DanielT / autosar-data

A rust crate to work with Autosar data (arxml) files
Apache License 2.0
32 stars 10 forks source link

Performance on big ARXML files > 20 MB #19

Closed christianhecht86 closed 1 month ago

christianhecht86 commented 1 month ago

Hi,

I like to read and write big (20MB ... 400MB) network ARXML files. All elements are contained in one big file.

I observed, a AR-Package containing more than 100 elements is a big performance problem.

I was able to make it significantly faster, by changing the function calc_element_insert_range. My Idea was, on AR-PACKAGE->ELEMENTS the insert position must the last one, every time.

   pub(crate) fn calc_element_insert_range(
        &self,
        element_name: ElementName,
        version: AutosarVersion,
    ) -> Result<(usize, usize), AutosarDataError> {

        //short optimization -> in ar-packages, we will always append
        if self.elemname == ElementName::Elements {
            return Ok((self.content.len(), self.content.len()));
        }
....

I think this could be a general thing, a list containing just one kind of element, than the insert position must the last one.

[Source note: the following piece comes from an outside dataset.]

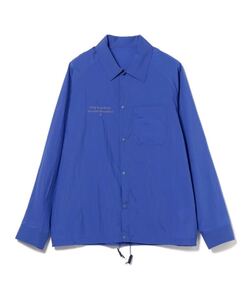 新品未使用　Lサイズ　MOUNTAIN RESEARCH / Coach Shirt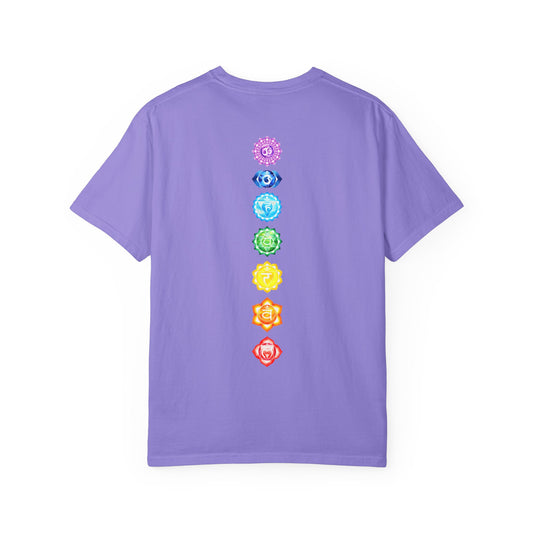7 Chakra Tee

Do you have some further ideas, how to optimize? In which areas I can look to?

Thanks

Christian

DanielT commented 1 month ago

I agree that there is room for optimization here. I haven't run into the same issue, but that's probably just because I haven't tried to create large files.

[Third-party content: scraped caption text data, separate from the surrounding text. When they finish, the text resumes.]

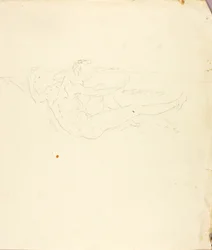 La zambullida nº 6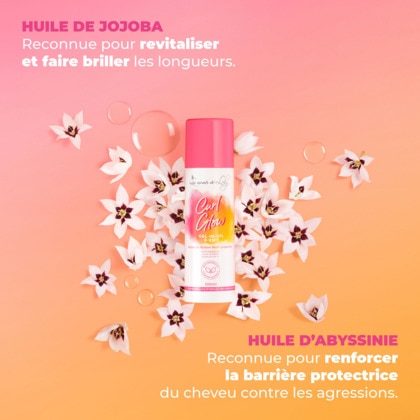 Sérum de finition multi-protection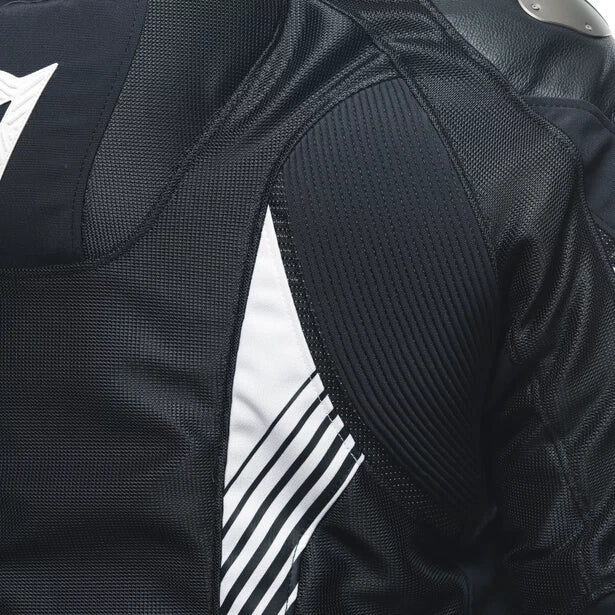 SUPER RIDER 2 Absoluteshell™ Jacke - Black/Black/White - Image 15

calc_element_insert_range is the point where the validity of the sub-element is checked; your suggestion skips kips that and would allow anything to be inserted inside of <ELEMENTS>. On a basic level it would probably work to put this check inside of the if let Some(...) = elemtype.find_sub_element(...) block, because find_sub_element is the critical check.

However, since you've found this performance problem with <ELEMENTS> I suspect the same issue would appear, in other places like <FIBEX-ELEMENTS> or <ECU-COMM-PORT-INSTANCES>, so it would be best to find a more general solution.

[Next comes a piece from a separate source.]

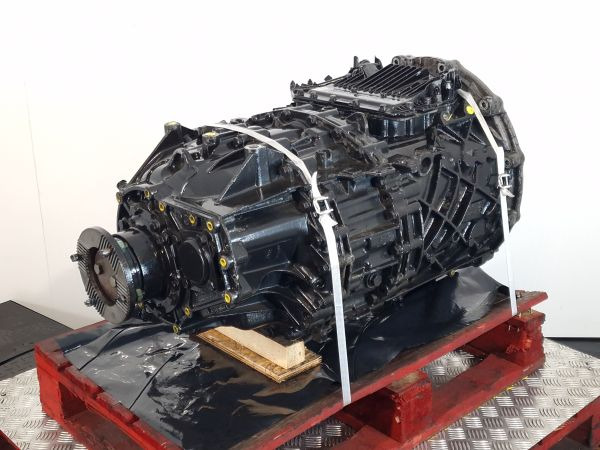 תיבת הילוכים ZF Astronic 12AS2330TD Gearbox: תמונה 6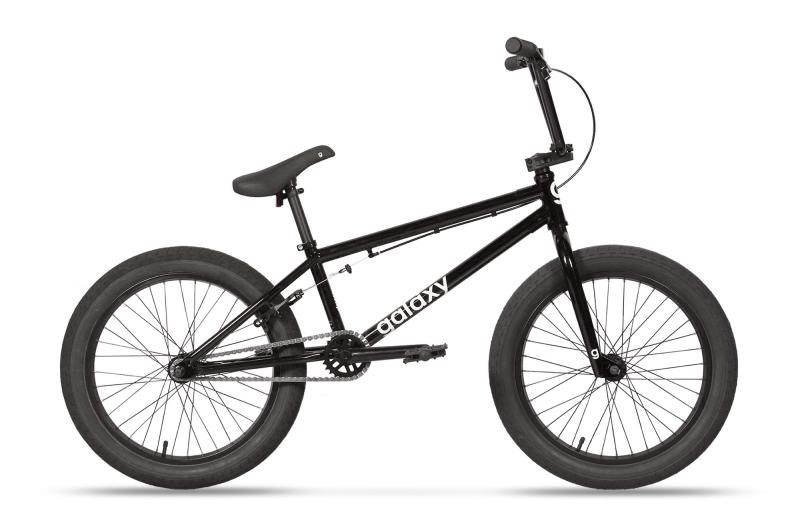 Galaxy Whip BMX 20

I will probably find time to do some benchmarking of this scenario later in the week.

christianhecht86 commented 1 month ago

By the way, are you using the "compact" schema of AUTOSAR? This is a flattened version of the schema without all the inheritance stuff in it. It is located in "AUTOSAR_TR_XMLSchemaSupplement.zip" eg AUTOSAR_00049_COMPACT.xsd or AUTOSAR_00049_STRICT_COMPACT.xsd

DanielT commented 1 month ago

autosar-data uses a built-in parsing table. The table contains the unified data for all Autosar versions from 4.0.1 - R23-11. It is derived from the "regular" xsd files.

christianhecht86 commented 1 month ago

I thought using the compact schema instead of the "normal" one could bring some performance advantages, but I saw you do some flattening in the "autosar-xsd-mangler"

DanielT commented 1 month ago

I just pushed a change to optimize this case. As far as I can tell this should fully fix the performance problem; it would be great if you could try it and confirm this.

christianhecht86 commented 1 month ago

Yes, this fixes the problem. Thank you, for your fast reaction.